GOAL OF THE EXERCISE: Once you reach the line containing "image for item", return it and every line after it exactly, through the end of the records below, with no pictures.

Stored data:
────────────────────
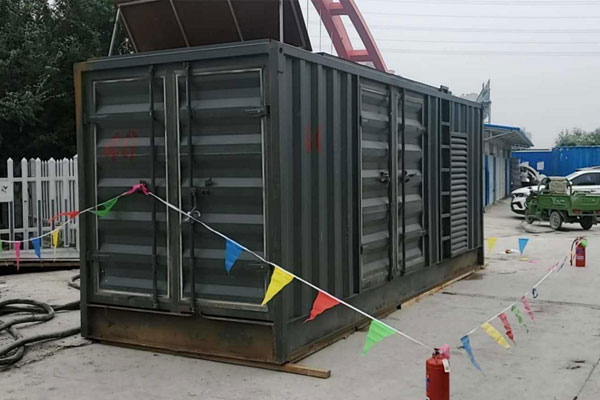 项城发电机租赁空气滤清器多久更换一次？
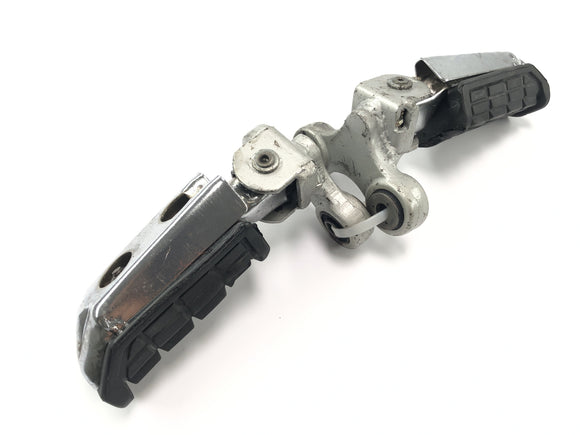 Yamaha FJ 1100 47E [1985] - förarens fotstöd åt vänster och höger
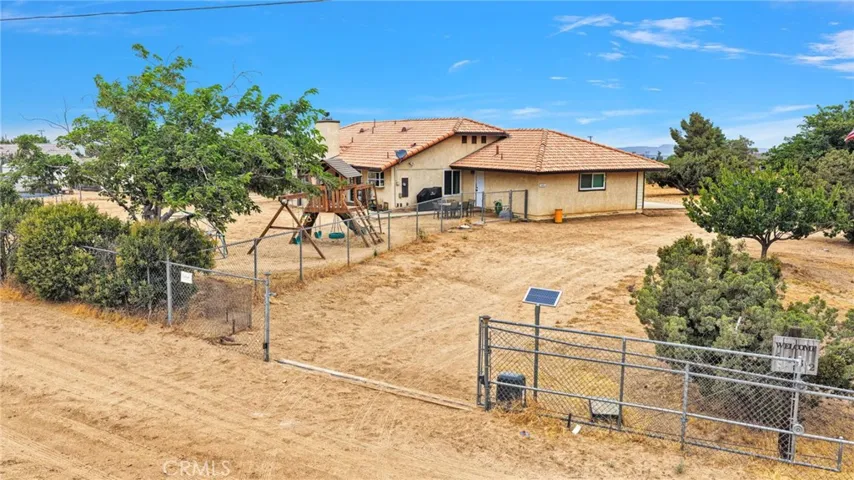 6432 Lime, Phelan, California 92371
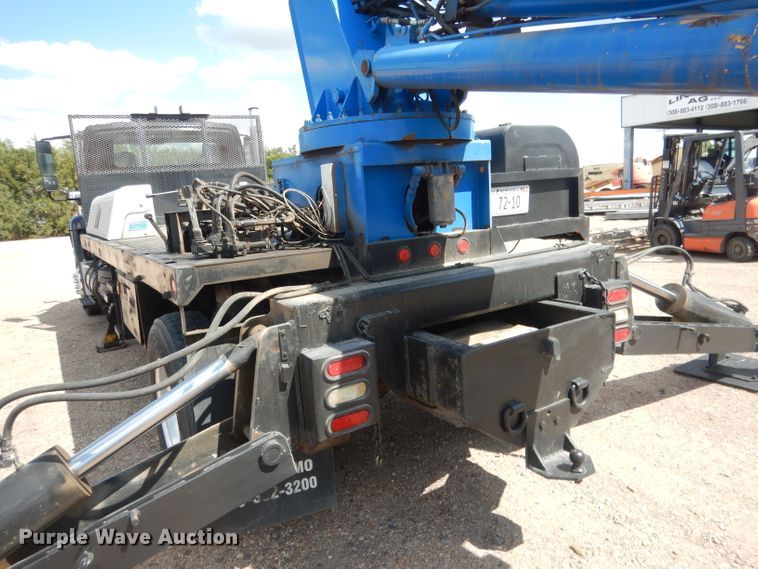 image for item FA9379 2005 International 7400  aerial lift truck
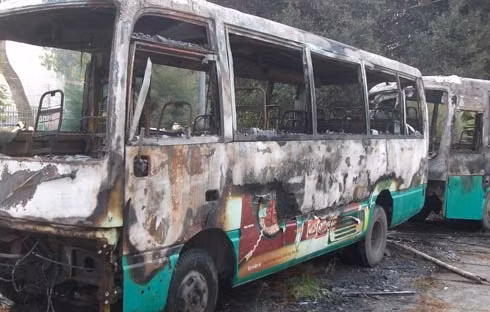 Làm rõ nghi vấn 'bí ẩn' 10 xe buýt đỗ hàng dọc cháy tan hoang ảnh 6 Làm rõ nghi vấn 'bí ẩn' 10 xe buýt đỗ hàng dọc cháy tan hoang ảnh 6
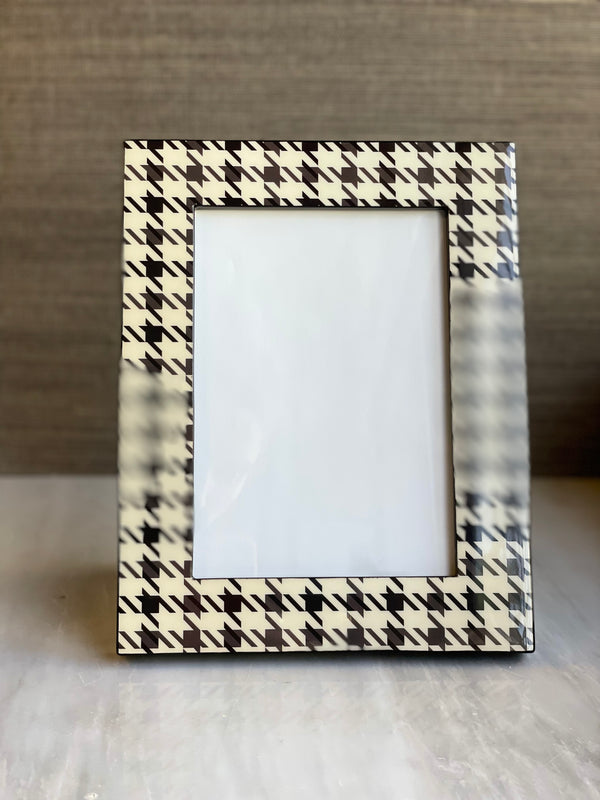 Black And 
White Photo 
Frame A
────────────────────
OUTPUT FOR THIS EXERCISE:
 image for item FA9379 2005 International 7400  aerial lift truck
 Làm rõ nghi vấn 'bí ẩn' 10 xe buýt đỗ hàng dọc cháy tan hoang ảnh 6 Làm rõ nghi vấn 'bí ẩn' 10 xe buýt đỗ hàng dọc cháy tan hoang ảnh 6
 Black And 
White Photo 
Frame A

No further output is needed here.